How could the consequences of a deconstruction of attributed political identity have turned out differently? Instead of the »African« in the subtitle, one could have given up insisting on the fact that the works are by native African artists (after all, with the mixed European and African backgrounds of many of the artists, this distinction is useless anyway). Or one insists on the »African« as the other, turns the tables and implies an aggressively explicit questioning in the exhibition, which pronounces more sophisticated, well-considered judgments instead of being wholly subject to a single overriding judgment. Or one brings in the aspect of 120 years of shared history and economics, which affects Belgium/Europe just as it does Africa – although with utterly different implications.4

Another conceivable approach would have been a formal gesture with reference to the PSK itself. This would have been appropriate since the PSK is itself undergoing a reorganization – as is clearly demonstrated for example by its new onomatopoeic moniker, »BOZAR«. Perhaps this is just the right moment to create a window on time – as a sign of the symbolic handing over – and to attempt through a series of exhibitions to come closer in a more differentiated manner to the field of reference labeled »contemporary African art«. But, instead, the galleries were rented at relatively great expense by »Africalia03«.

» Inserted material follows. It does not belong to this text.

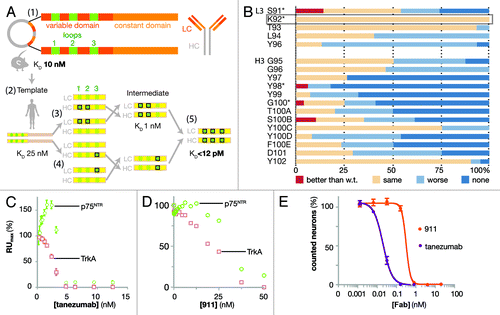Figure 1. Design and biophysical analysis of the humanization of tanezumab by LSM. (A) Schematic diagram depicting the development of tanezumab by cloning the mouse 911 hybridoma-derived antibody (1), identifying the CDRs and constructing a human framework template (2), humanizing and adjusting the template (3), employing library scanning mutagenesis (LSM) on the CDR3s (4) and merging mutations into the final antibody (5). The template affinity for NGF was KD 25 nM. Following CDR 1 and 2 optimizations, the intermediate affinity for NGF was 1 nM. LSM analysis was then combined on the intermediate for a final set of library screening to arrive at tanezumab (KD < 12 pM). (B) LSM histogram for each complete mutagenesis at each position in L3 except P95 and all residues in H3. Mutants were better off-rate than wild-type (w.t., red), same as w.t. (beige), worse than w.t. (light blue) or no binding (dark blue). The rectangular box around L3 K92 highlights a 100% permissive position. Asterisks (*) identify positions targeting for combination in the last round of LSM. (C) Tanezumab binding competition for NGF receptors, p75NTR (green) and TrkA (pink) by percent capture of NGF to biosensor chip coated with either receptor. (D) 911 binding competition for NGF receptors, p75NTR (green) and TrkA (pink) by percent capture of NGF to biosensor chip coated with either receptor. (E) Percent neuron survival as a function of increasing antibody concentration of either tanezumab (purple) or 911 (orange).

Just what is Africalia03? The organization was founded by the Belgian Ministry for Development at the end of 2000, on the basis of Article 27 of the »EU-ACP Agreement« of 23 June 2000 in Cotonou. The Cotonou Agreement follows the tradition of the four Lomé Agreements, which have regulated the post-colonial economic relations between EU (or EC) Member States and their former colonies (collectively referred to as the ACP group) since 1975. The way in which Africalia describes its purpose and activities follows almost word-for-word the formulations found in Article 27, which paraphrases cultural promotion as a soft location factor (identity-giving, cultural exchange), and offers financial and partnership support in the areas of professionalization, distribution and institutionalization.5 Africalia has at its disposal a three-year budget of 9.5 million Euros, along with the option to apply for additional project-related funding.6 While during its first two years the organization focused on providing project support within African countries, Africalia is now appearing in Belgium under the title »Africalia03«, with its own exhibitions and accompanying offers of support.7

It was in this capacity as a representative that one noticed Africalia »squirming« in its »TRANSFER(T)S« exhibition to remain within the boundaries of government policy. Thus, any relativizing of what »contemporary African art« stands for as an identity label was anathema to the planned overview based solely on the native selection criterion. The perspectival construct consisted of Belgium (Europe) staging and exhibiting an »Africa«, while skirting the issues of a «mutual» colonial past or the conditions underlying this type of promotional constellation. In this way Belgium (Europe) perpetuates its paternalistic donor and judgment function, a line of argumentation that one is only too familiar with from bygone times. This avoidance of any clear historical reference can also be read as evidence. What else besides its colonial past in Africa’s Congo Basin could Belgium be referring to in its selection of those countries in the ACP group that happen to be found on the African continent, without however letting itself be pinned down (legally, for instance) by getting caught making any explicit reference to that continent? This reminds one somehow of the similarly cagey behavior of the EU at the UN World Conference Against Racism in Durban in 2001, at that time with regard to the undecided question of reparations for slave trade, forced labor, genocide and disappropriation of resources. This culminated in an official government apology – which under British law is equivalent to an admission of guilt. But, instead of reparations being decreed by law, the concept of »moral support« prevailed, as a preventive expression of voluntary reparations in order to minimize the maximum possible demands that could conceivably be made in connection with the colonial period as a whole – a total of 777 billion US dollars.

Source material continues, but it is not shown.